_Data to process_
Segment Open
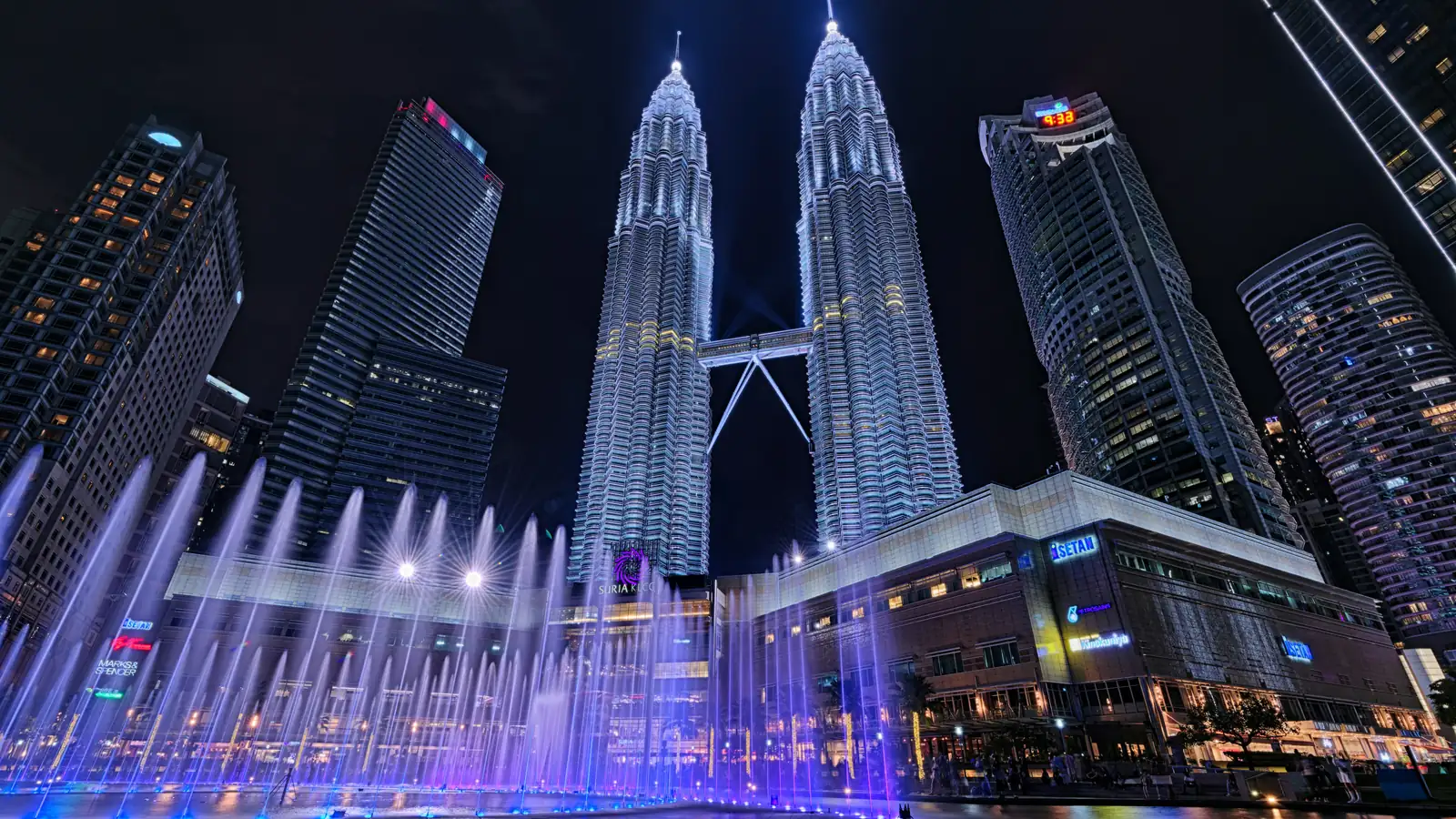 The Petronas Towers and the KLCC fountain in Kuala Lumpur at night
Segment Closed
Segment Open
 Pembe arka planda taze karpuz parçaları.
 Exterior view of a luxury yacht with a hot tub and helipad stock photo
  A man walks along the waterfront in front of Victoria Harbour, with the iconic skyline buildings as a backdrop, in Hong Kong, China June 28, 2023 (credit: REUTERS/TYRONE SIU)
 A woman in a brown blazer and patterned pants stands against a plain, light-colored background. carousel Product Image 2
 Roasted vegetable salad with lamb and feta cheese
Segment Closed
Segment Open
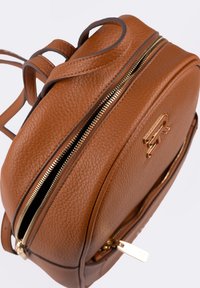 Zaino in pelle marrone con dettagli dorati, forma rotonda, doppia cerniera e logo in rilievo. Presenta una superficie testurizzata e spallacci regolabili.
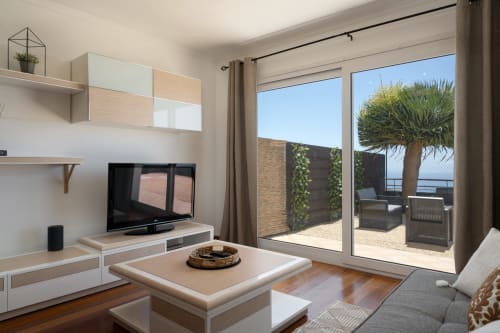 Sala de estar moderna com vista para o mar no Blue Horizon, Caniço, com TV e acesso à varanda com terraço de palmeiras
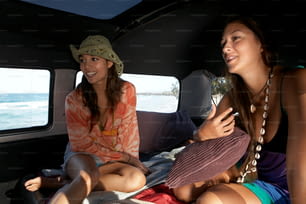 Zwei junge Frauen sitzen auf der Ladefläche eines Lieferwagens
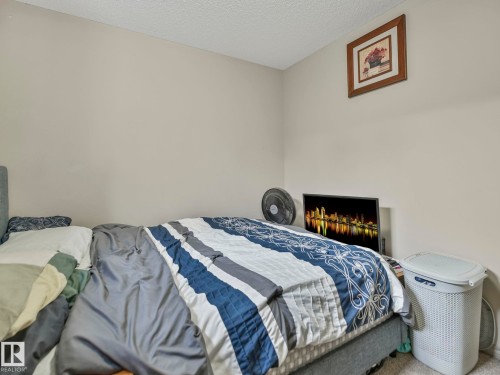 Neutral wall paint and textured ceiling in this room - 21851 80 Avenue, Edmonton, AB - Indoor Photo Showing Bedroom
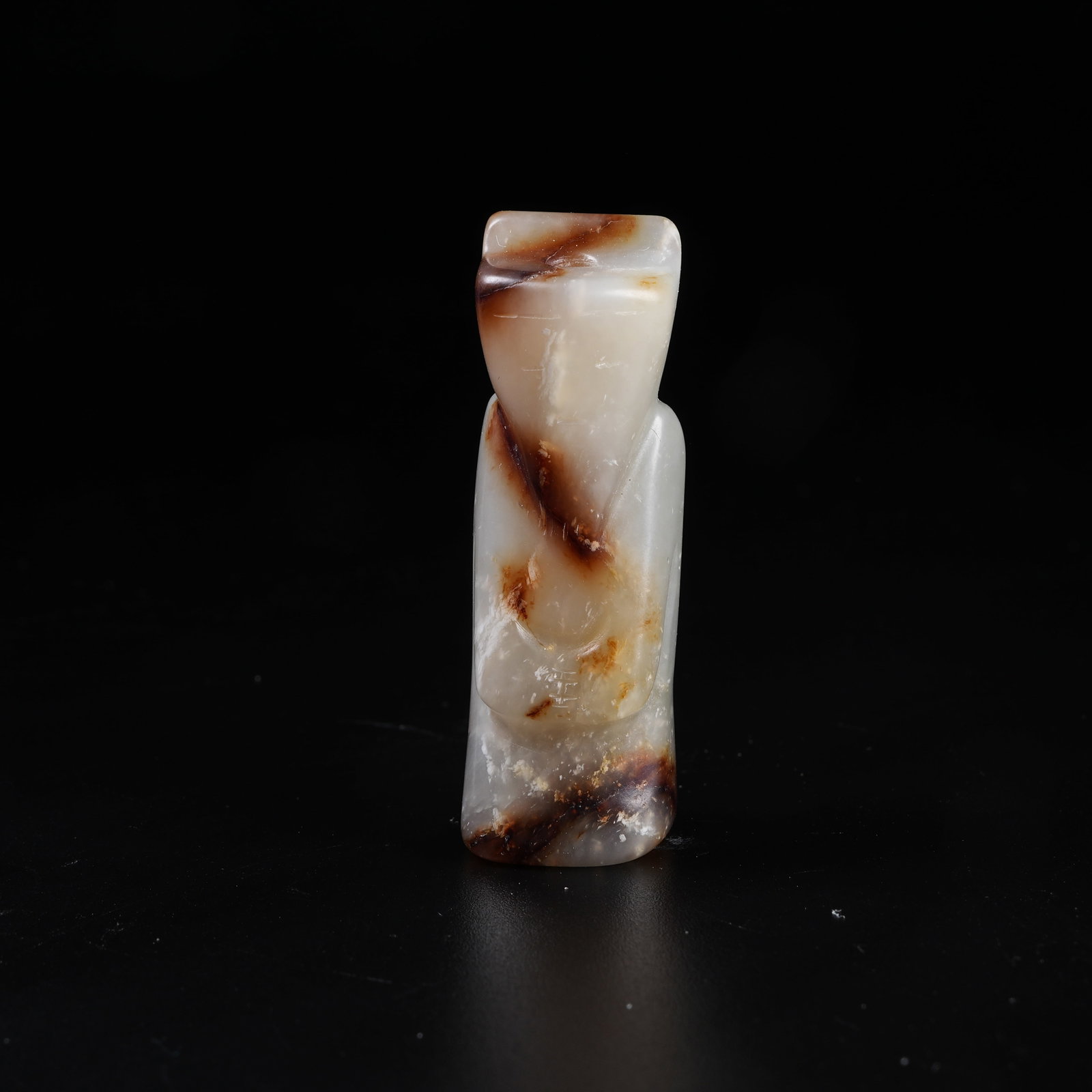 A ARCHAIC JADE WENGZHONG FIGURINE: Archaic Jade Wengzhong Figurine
Segment Closed
Write down, word for word, the lines above from the one containing "A man walks" through the one containing "Roasted vegetable salad", both ends included.

  A man walks along the waterfront in front of Victoria Harbour, with the iconic skyline buildings as a backdrop, in Hong Kong, China June 28, 2023 (credit: REUTERS/TYRONE SIU)
 A woman in a brown blazer and patterned pants stands against a plain, light-colored background. carousel Product Image 2
 Roasted vegetable salad with lamb and feta cheese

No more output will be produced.